Car, monsieur le secrétaire d'Etat, qui paie la surcharge tarifaire pour l'énergie éolienne ? Tous les consommateurs ! Si vous aviez donné au Sénat les estimations concernant le coût supporté à terme par la nation à cause de cette surtarification, tous nos collègues auraient été effrayés. Cela se chiffre en milliards ! Je préfère, moi, que ces milliards soient utilisés ailleurs !

Nous avons le plus grand respect pour le développement d'une telle énergie ; mais nous devons garder à l'esprit le fait que les éoliennes seront implantées dans les sites les plus sensibles.

Le champ éolien le plus important de France, implanté chez moi, doit commencer à fonctionner dans quelques semaines. Une éolienne, monsieur le secrétaire d'Etat, mes chers collègues, c'est soixante-dix mètres de mât, plus trente mètres de pales, soit cent mètres de hauteur totale ! Dans une zone sensible protégée au titre de Natura 2000, tout cela est un peu contradictoire !

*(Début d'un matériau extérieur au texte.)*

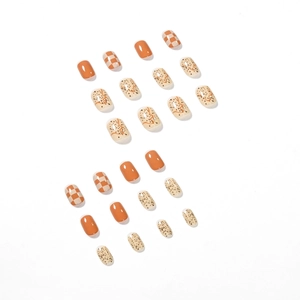 Autumn brown checkerboard press-on nails set in short square oval shape on white background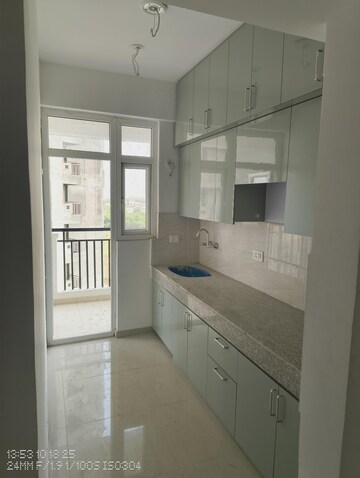 Kitchen in 2 BHK Apartment at Ajnara Panorama Facing F1, Sector 22 Yamuna Expressway – for Rent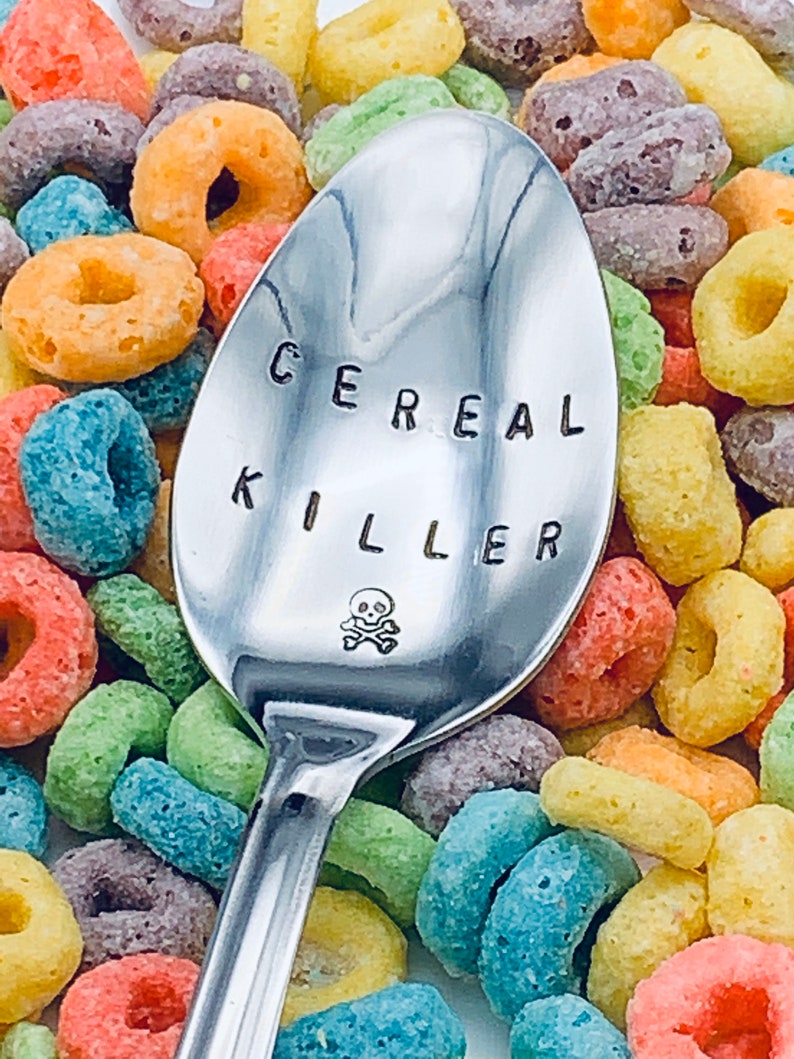 May include: A silver spoon with the words "Cereal Killer" engraved on it, with a skull and crossbones symbol below the text. The spoon is surrounded by colorful cereal rings.
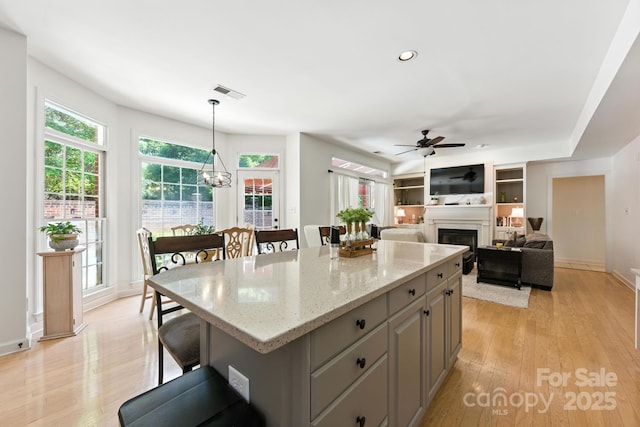 7014 Walton Heath Ln, Charlotte, NC 28277 - kitchen with a ceiling fan, a fireplace, gray cabinets, a center island, and light wood-style flooring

Certes, nous souhaitons le développement de cette énergie, mais nous ne souhaitons pas moins la protection de l'environnement, raison pour laquelle, monsieur le secrétaire d'Etat, il faut concilier toutes les considérations qui précèdent avec les propositions, pleines de sagesse, de la Commission de régulation de l'énergie. J'invite donc le Gouvernement à réexaminer les modalités du financement de l'énergie éolienne en France.